Illustration 1: An example of a Vietoris-Rips filtration, a geometric object central to TDA, constructed using point data from a shallow cumulus cloud field (top row). Also shown is its corresponding barcode, one representation of the information extracted by using persistent homology (bottom). Image author: Jose L. Licon Salaiz |
Event name: Summer School on Topological Data Analysis and Persistent Homology
Event dates: June 11th – 15th, 2018
Event location: Levico Terme, Italy
Author name: José Luis Licón Saláiz, PhD student at University of Cologne, Mathematical Inst.
Author project: C7
This summer school was a one-week gathering of researchers and students in the area of topological data anlysis (TDA) to discuss the current state of the field. Every day consisted of two theoretical lectures and one practical session, where the theory was illustrated using software and real-world data. The lecturers were John Harer (Duke University) and Steve Oudot (INRIA Saclay), and they covered subjects ranging from algorithms for TDA, its connections to statistics and machine learning, and a category-theoretical view on persistent homology aimed at generalizing to multidimensional persistence.
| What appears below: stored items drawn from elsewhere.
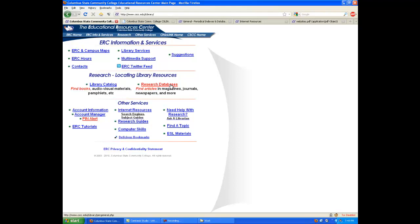More to the point, these resources are an entryway to the larger conversation you are joining as a college student. In academia and in research, opinions mean little to nothing. We all have opinions, many of them based upon nothing more than half-remembered conversations, parental guidance, or personal taste.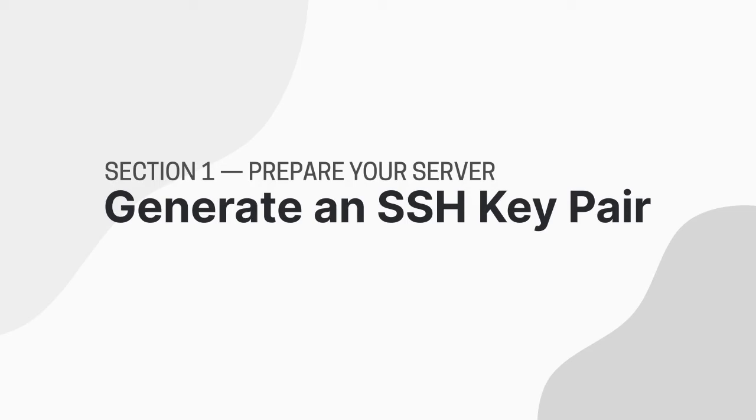In this video I'll show you how to generate an SSH key pair using the ssh-keygen command and upload the resulting public key to your account on your VPS provider.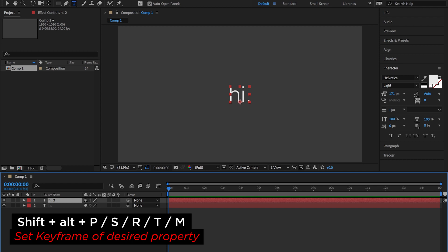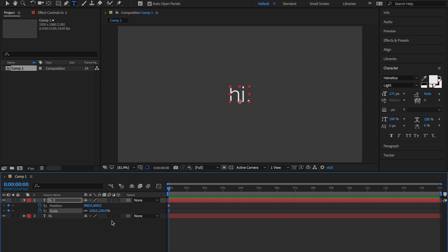Keyboard shortcut number three: add a keyframe to the transformation property of layers — so position, scale, rotation, opacity, even mask path — by pressing Shift+Alt and the letter you would normally use to get to that property. So Shift+Alt+P will add a position keyframe where the playhead is. Shift+Alt+S will add a scale keyframe where the playhead is. If you have a mask on a layer you can do Shift+Alt+M and it'll add a mask path keyframe to that layer.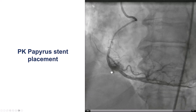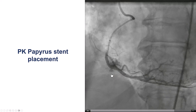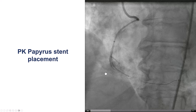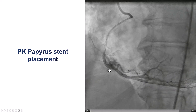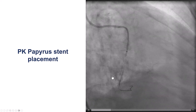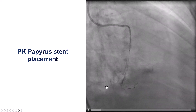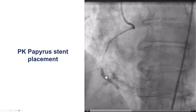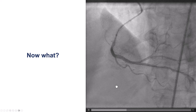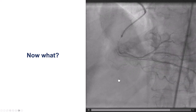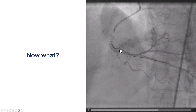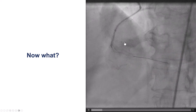We positioned the stent according to where we thought was the exit from the vessel — right around the thicker part of the vessel where we thought the extravasation was happening. We looked at it from a different projection, and it looked like we were across that area of extravasation. We deployed the PK Papyrus 3.5 by 26, but to our disappointment, although it was better, we still had some contrast seeping through the vessel wall.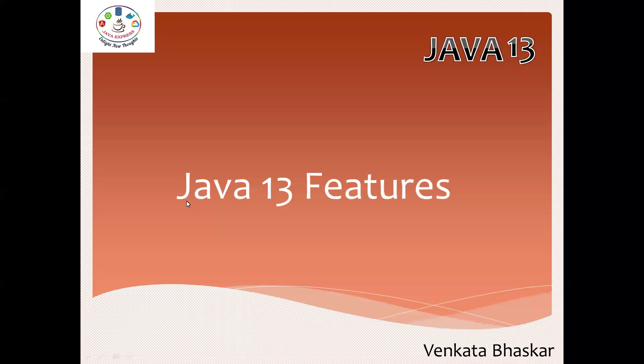Hi everyone, welcome back. Today I'm going to discuss the new features introduced in Java 13. Until now we've discussed all the features from Java 8 to Java 12, and those videos are available in our session.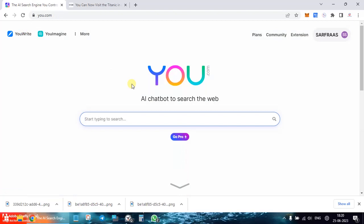Do let me know your feedback about this site in the comments. If you want me to review any new AI tool, mention it and I'll be happy to visit it and give my review. Before winding up, please like the video and subscribe to my channel. Until the next video, take care and be safe.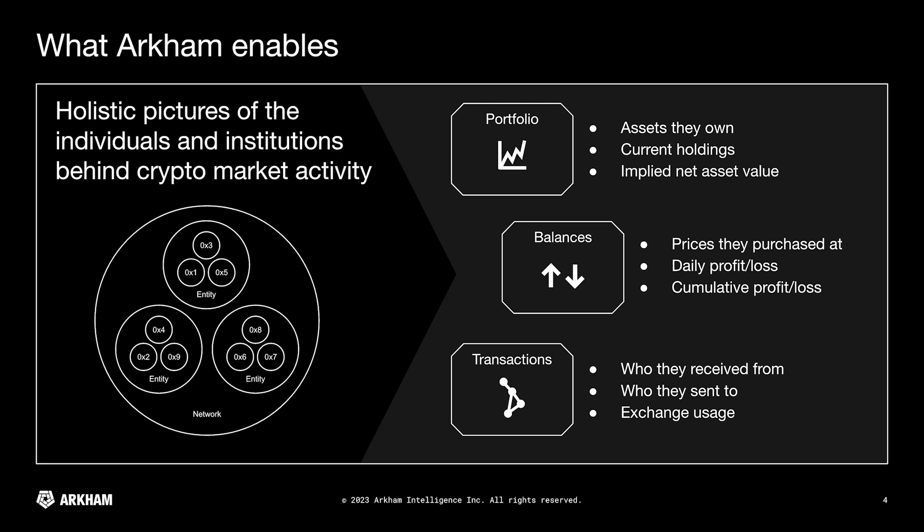You can see the balances. So that would mean the prices that they purchased at, their daily profits and losses, as well as their cumulative profit and loss. And then you can see their transactions. So that would be who they receive from, who they sent to, and their overall exchange usage and other forms of services that they may have used.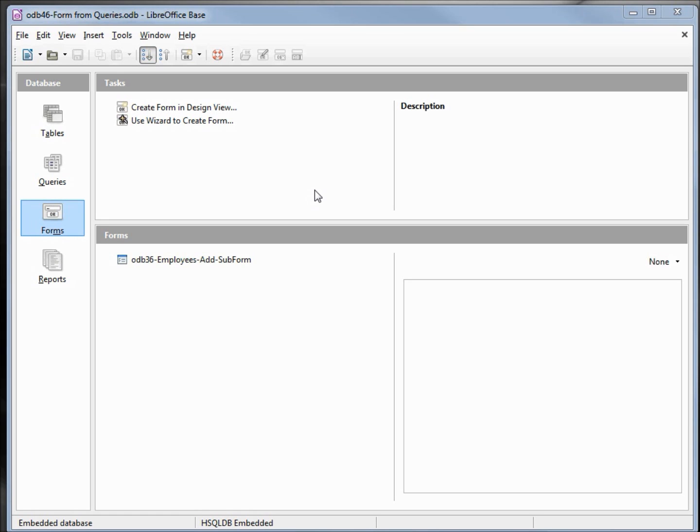I've made a copy of ODB 45 and I'm calling this one ODB 46 Form From Queries. We've updated our database from a single table to multiple tables. Now I want to get the information onto a form.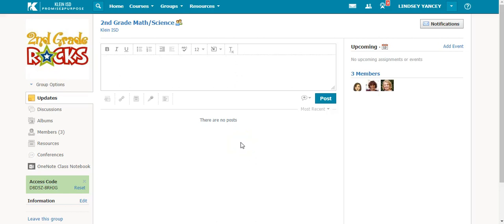Once you've created your group, and really at any time, you can change the group privacy and settings.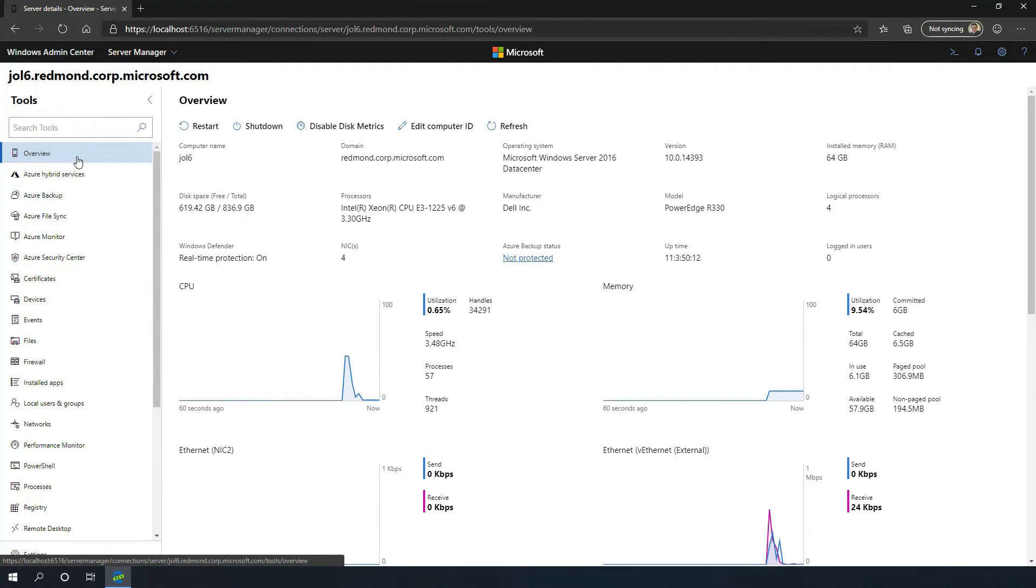Now, let's see how easy it is to install partner extensions. Let's say on the server, I'm looking at the device manager, there's an issue with a disk, and I think it might be a hardware issue.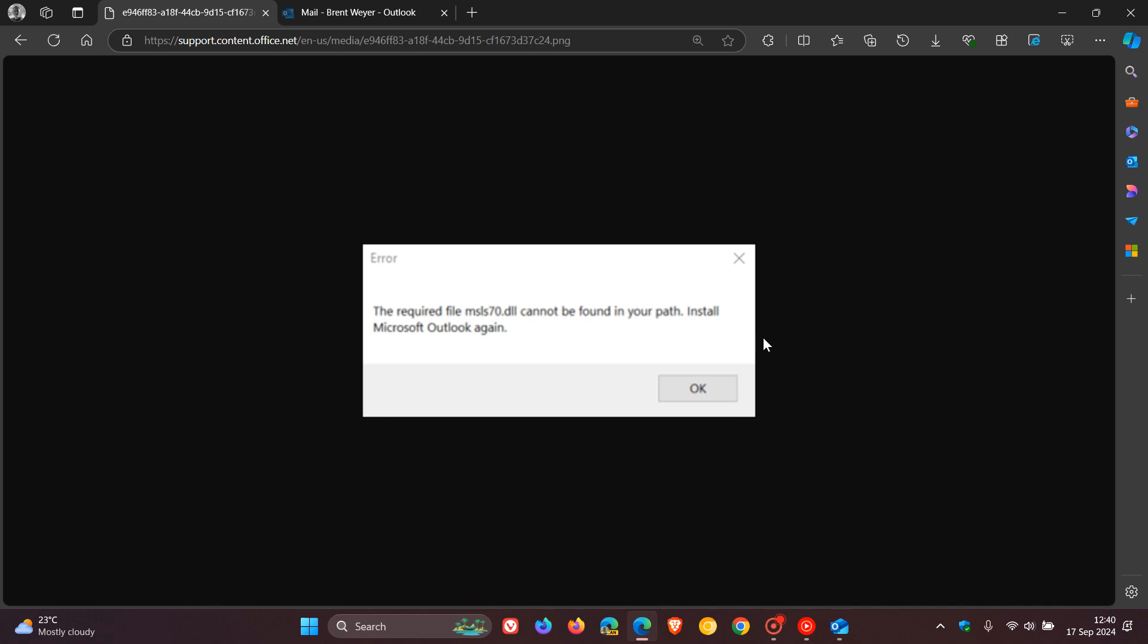So Microsoft says the issue is that after recent updates, when users start Outlook, Word, or other Office apps, they may see this error which, as we can see, says the required file msls70.dll cannot be found in your path. Install Microsoft Outlook again.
Attending the school was particularly beneficial because, as the field is very new and rapidly evolving, it is hard to get a good overview of all the theory and techniques involved. This is important for me because I am currently using TDA to study the spatial structure of atmospheric turbulence and the distribution of cloud fields. It was also a good opportunity to exchange ideas with other young researchers, especially Henri Riihimäki (Tampere Unviersity of Technology/KTH Stockholm), with whom I am working on the statistical representation of topological information, and Grzegorz Muszynski (Lawrence Livermore National Laboratory), who is using TDA to detect patterns in large-scale climate models.